Shimpei Okuhara Yomiuri Shimbun Staff Writer
Ancient
monument or natural feature? Five massive granite boulders off
Shiraishi-no-hana cape in Matsuyama are attracting attention since it
was noticed that the formation seems to function as a solar calendar.
As
rays from the setting sun pass through a gap in the boulders around the
time of the spring and autumn equinox, local historians established an
investigative committee in April to study whether the megaliths had a
religious function. They set up a Web site and asked Ehime University
and other entities to support their research.
The megaliths lie
50 meters off Shiraishi-no-hana--the name means "the nose of Shiraishi."
The five boulders, stacked against and atop each other, measure about
20 meters in circumference and about six meters in height. The gap in
the lower section is two meters high and 50 centimeters wide. Their
gross weight is estimated to be more than 100 tons. The committee named
them Hakuryunoishi (White dragon rocks).
Local historian Kunihiko
Shinozawa, 45, started studying the rocks in January last year as he
suspected they were placed there by humans.
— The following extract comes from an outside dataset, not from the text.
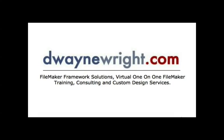This movie was brought to you by DeWayneWright.com - FileMaker Framework Solutions, Virtual One-on-One FileMaker Training, Consulting and Custom Design Services. For more information please visit www.DeWayneWright.com.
In addition the rays of the
setting sun beaming through the gap in the boulders at the equinoxes, he
found a rock that seemed to have been driven into the base of the giant
rocks. There were also traces that humans had worked at the rocks
because this could not be explained by wave or wind erosion.
When
Shinozawa sounded out the prefectural board of education in August over
whether it could preserve the megaliths as a cultural property, the
board said an academic investigation by a public third-party
organization was needed first.
Shinozawa then started trying to raise the profile of the issue by, for
example, presenting the results of his studies at the Iwakura Summit conference
of megalith researchers in Kobe in September and contributing an article
on the megaliths to the December issue of Rekishi Kenkyu, the journal of
the national society for history research, to publicize the megaliths.
He also set up the Matsuyama Shiraishinohana Megaliths Laboratory, which
has its own Web site (http://haku1414.web.fc2.com/).
Shinozawa has held a
viewing event for local residents on four occasions, including the
spring equinox. Kunisato Takechi, 41, a priest at the local Katsuoka
Hachiman Shrine, said he was moved by the beautiful sunrays that shone
through the gap in the rocks and suggested the megaliths could become a
tourist attraction.
Some megalith formations in Gifu and Kochi
prefectures and several other ruins are thought to have been used to
chart the passage of the seasons as sunlight shines through apertures in
them at astronomically significant dates.
"I want to revitalize
the local community by preserving the megaliths as a cultural property
after studying them," Shinozawa said.